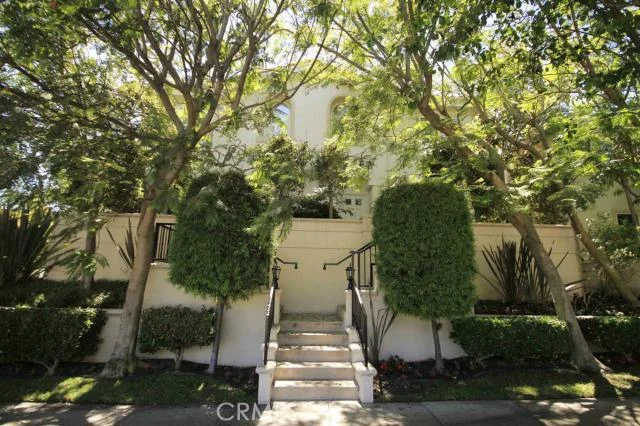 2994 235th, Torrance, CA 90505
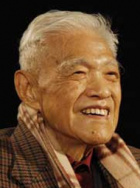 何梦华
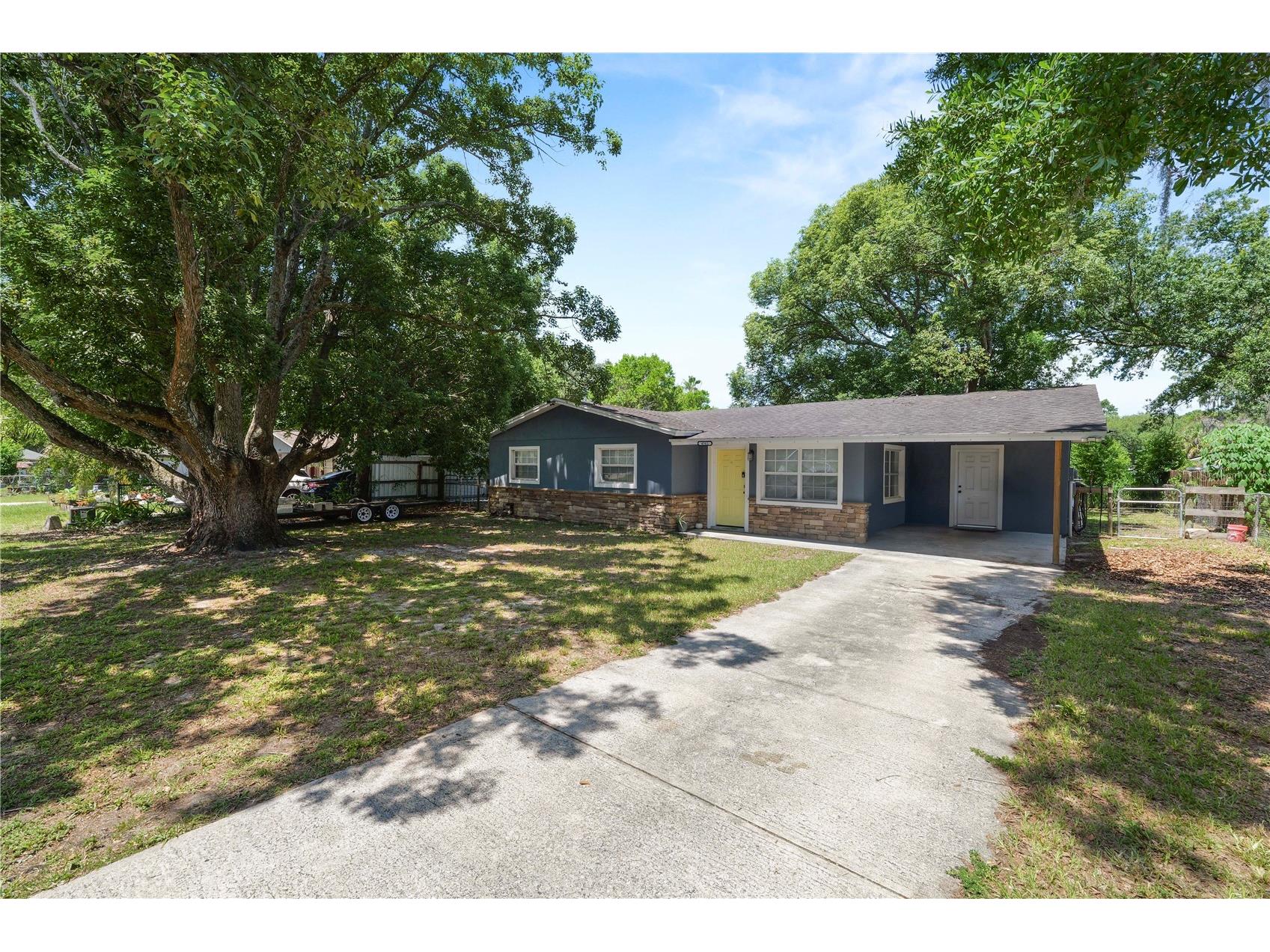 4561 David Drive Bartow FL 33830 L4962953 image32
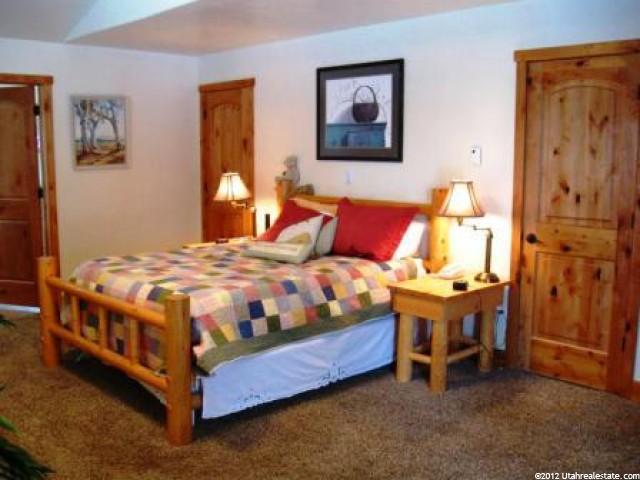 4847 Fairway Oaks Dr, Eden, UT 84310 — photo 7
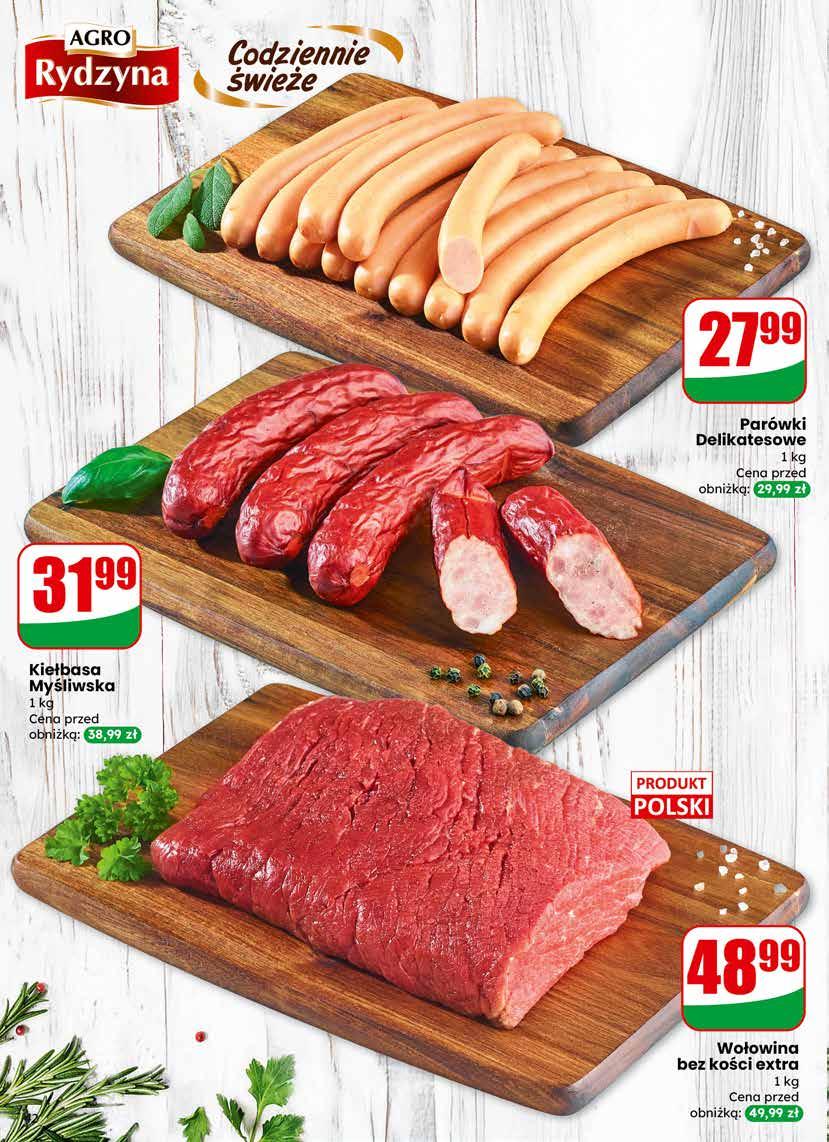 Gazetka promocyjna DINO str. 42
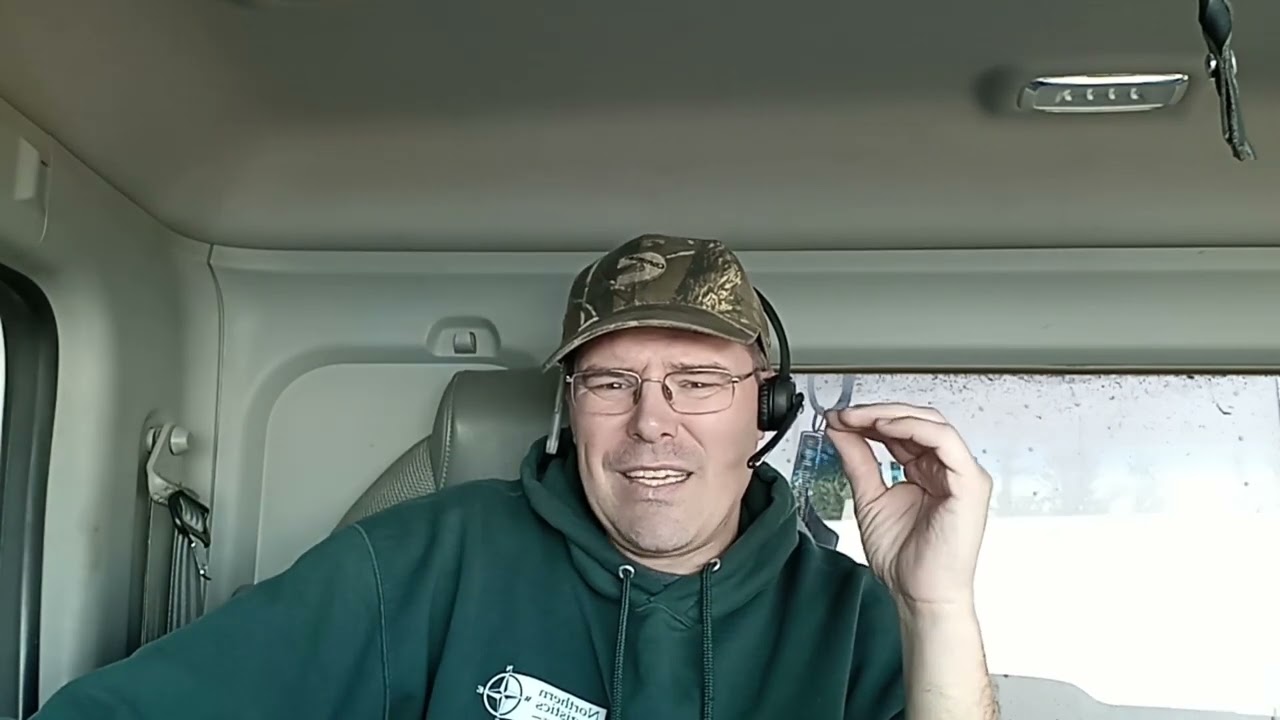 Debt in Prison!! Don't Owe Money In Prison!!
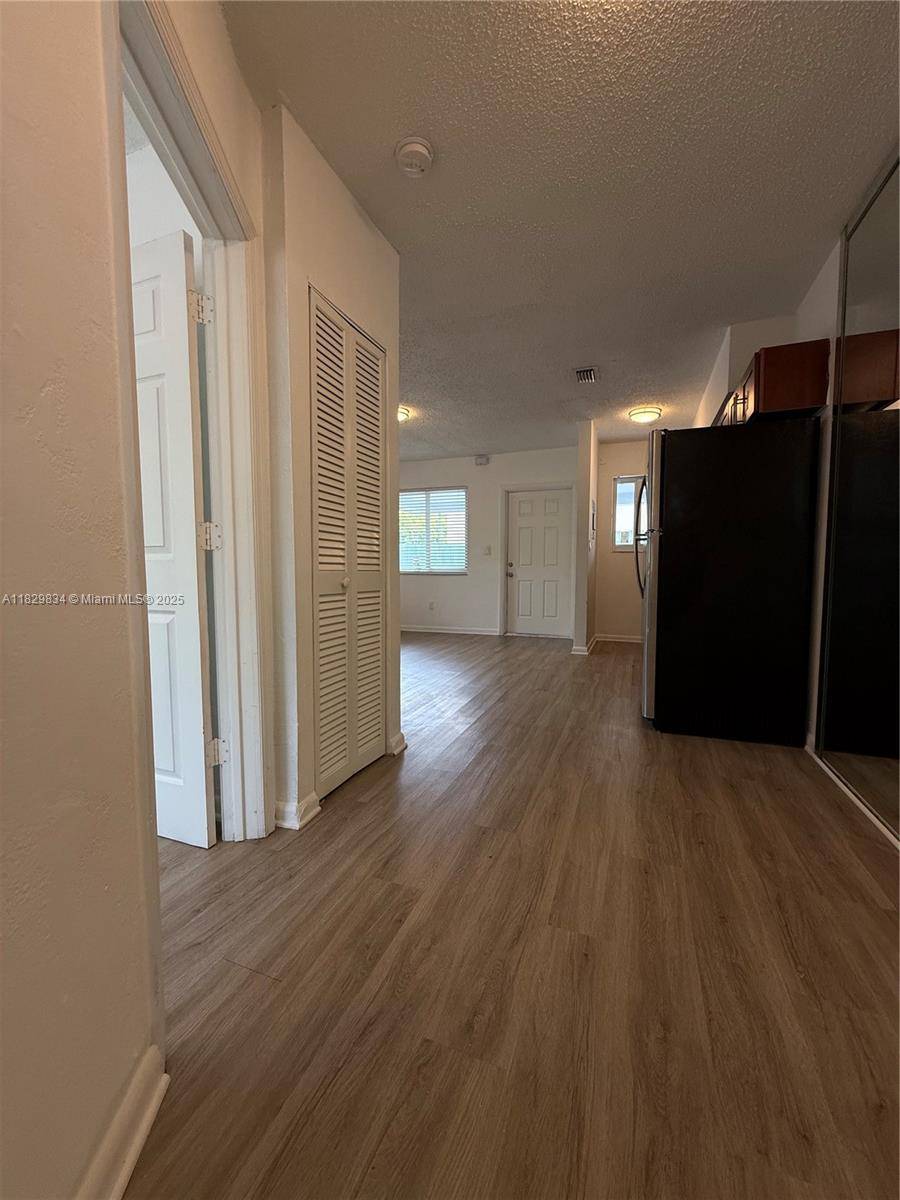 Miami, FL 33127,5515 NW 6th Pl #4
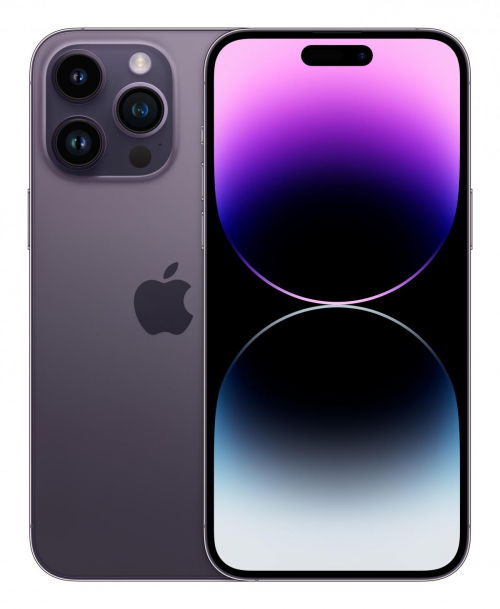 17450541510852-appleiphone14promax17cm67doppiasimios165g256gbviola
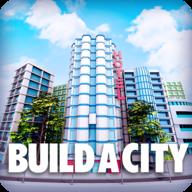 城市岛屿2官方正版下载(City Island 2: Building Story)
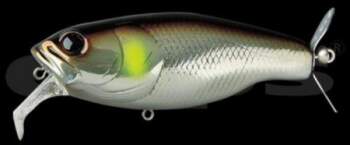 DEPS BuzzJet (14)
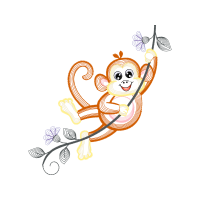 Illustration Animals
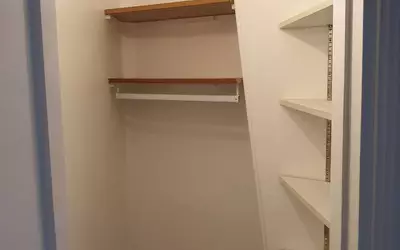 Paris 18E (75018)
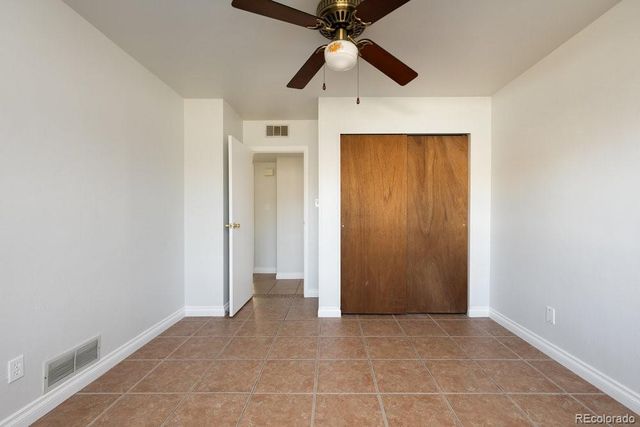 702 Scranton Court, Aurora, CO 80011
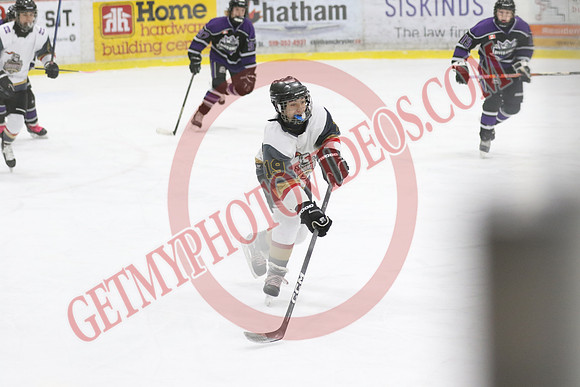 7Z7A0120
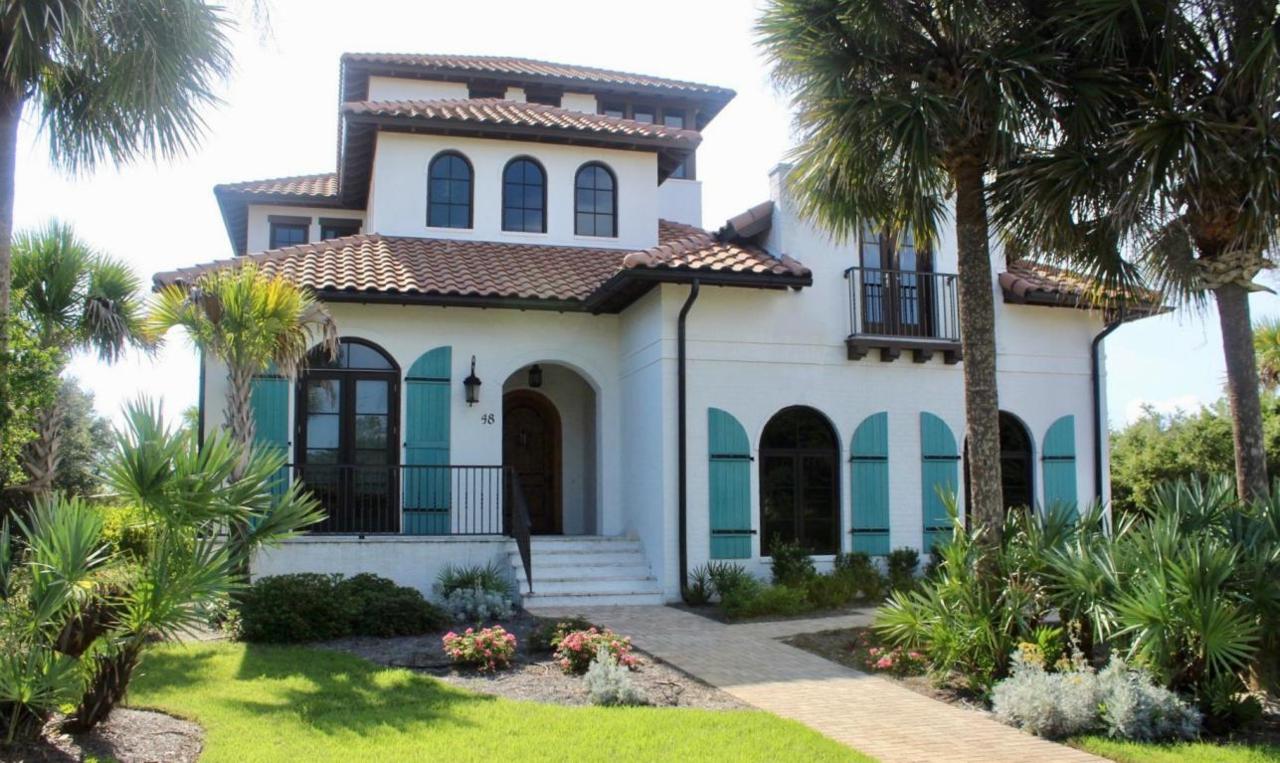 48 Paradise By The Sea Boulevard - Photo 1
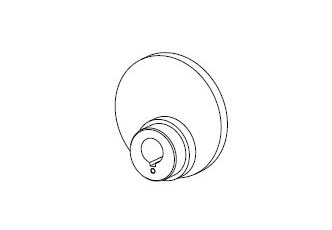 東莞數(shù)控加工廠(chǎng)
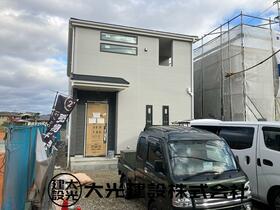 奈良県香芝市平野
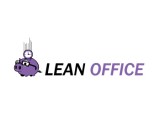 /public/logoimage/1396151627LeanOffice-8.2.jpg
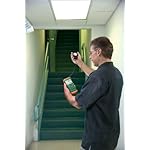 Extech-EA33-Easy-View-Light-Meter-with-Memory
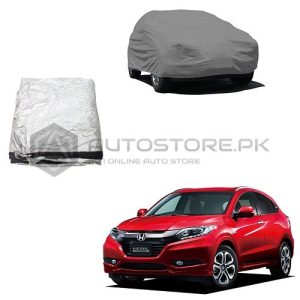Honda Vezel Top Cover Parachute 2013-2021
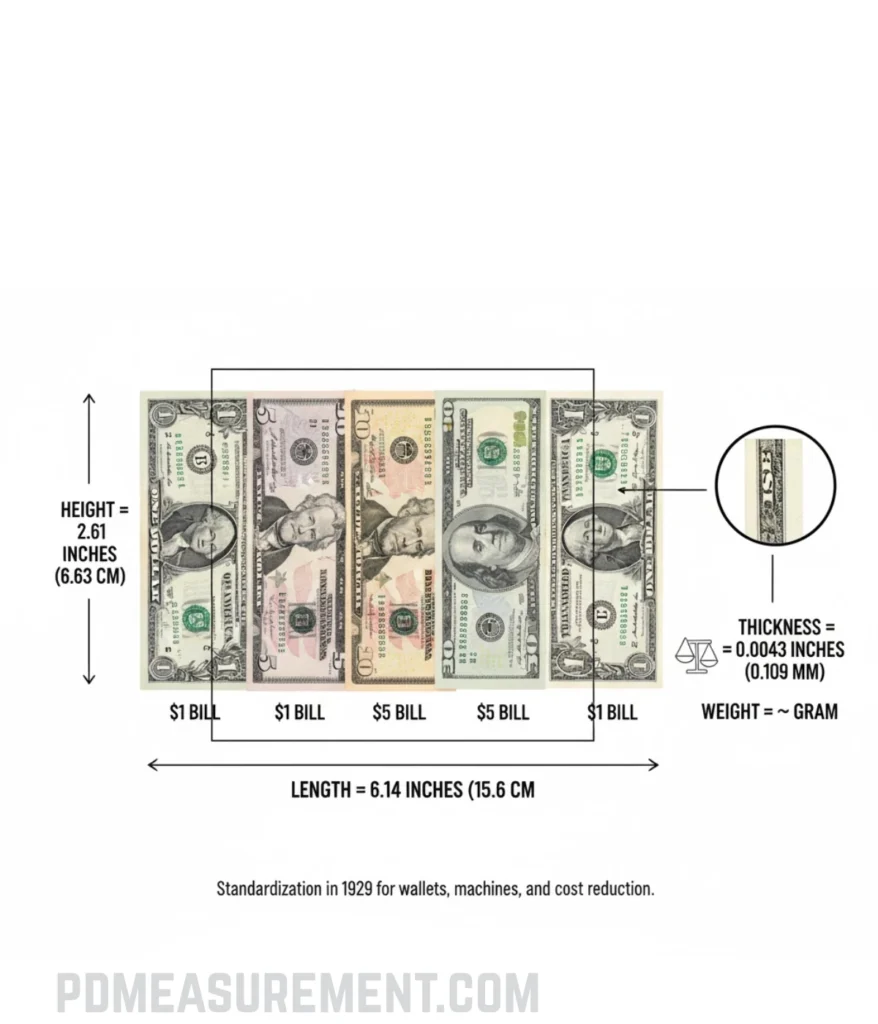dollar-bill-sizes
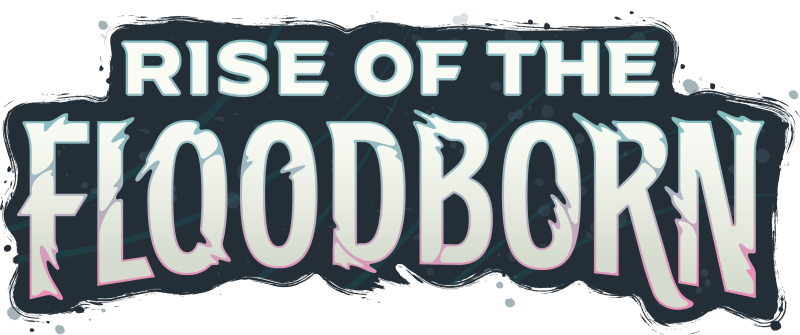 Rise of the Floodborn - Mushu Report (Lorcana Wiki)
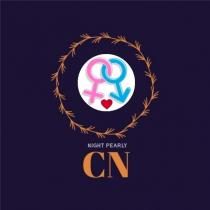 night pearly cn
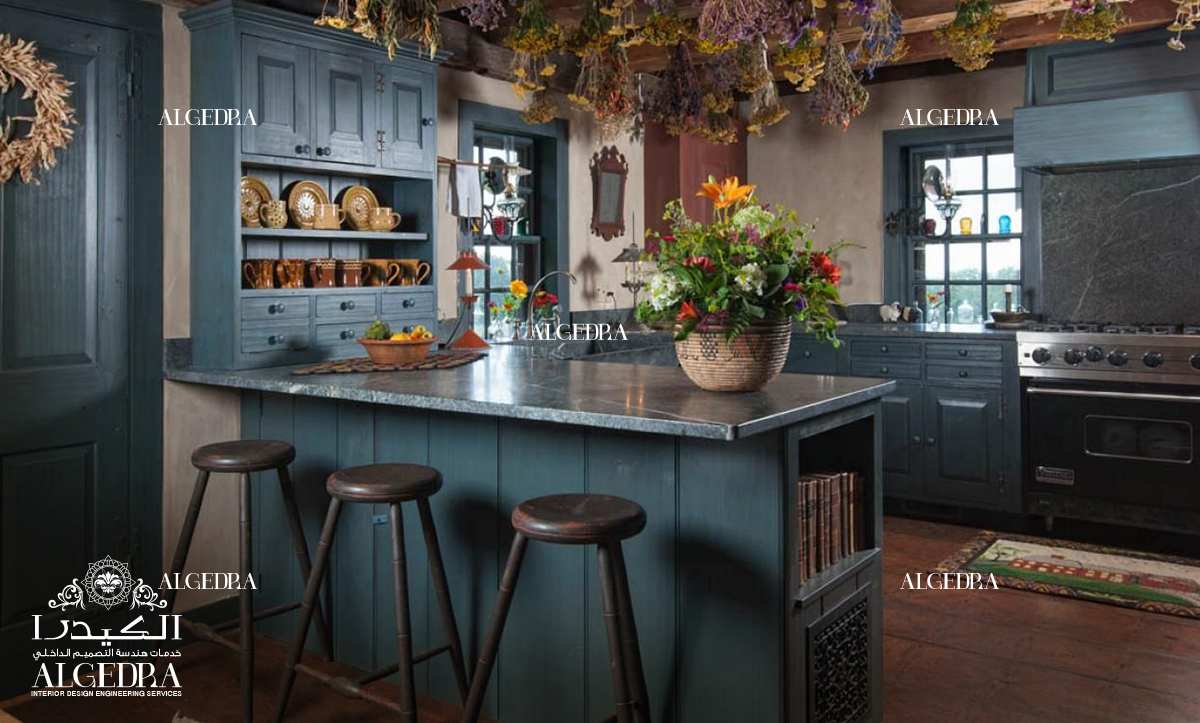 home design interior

□ □ □ □

Copy out exactly the lines that begin at the line with "702 Scranton Court, Aurora, CO 80011" and end at the final line of the entries above. Leave out the pictures.

▸ **RESPONSE**:
 702 Scranton Court, Aurora, CO 80011
 7Z7A0120
 48 Paradise By The Sea Boulevard - Photo 1
 東莞數(shù)控加工廠(chǎng)
 奈良県香芝市平野
 /public/logoimage/1396151627LeanOffice-8.2.jpg
 Extech-EA33-Easy-View-Light-Meter-with-Memory
Honda Vezel Top Cover Parachute 2013-2021
dollar-bill-sizes
 Rise of the Floodborn - Mushu Report (Lorcana Wiki)
 night pearly cn
 home design interior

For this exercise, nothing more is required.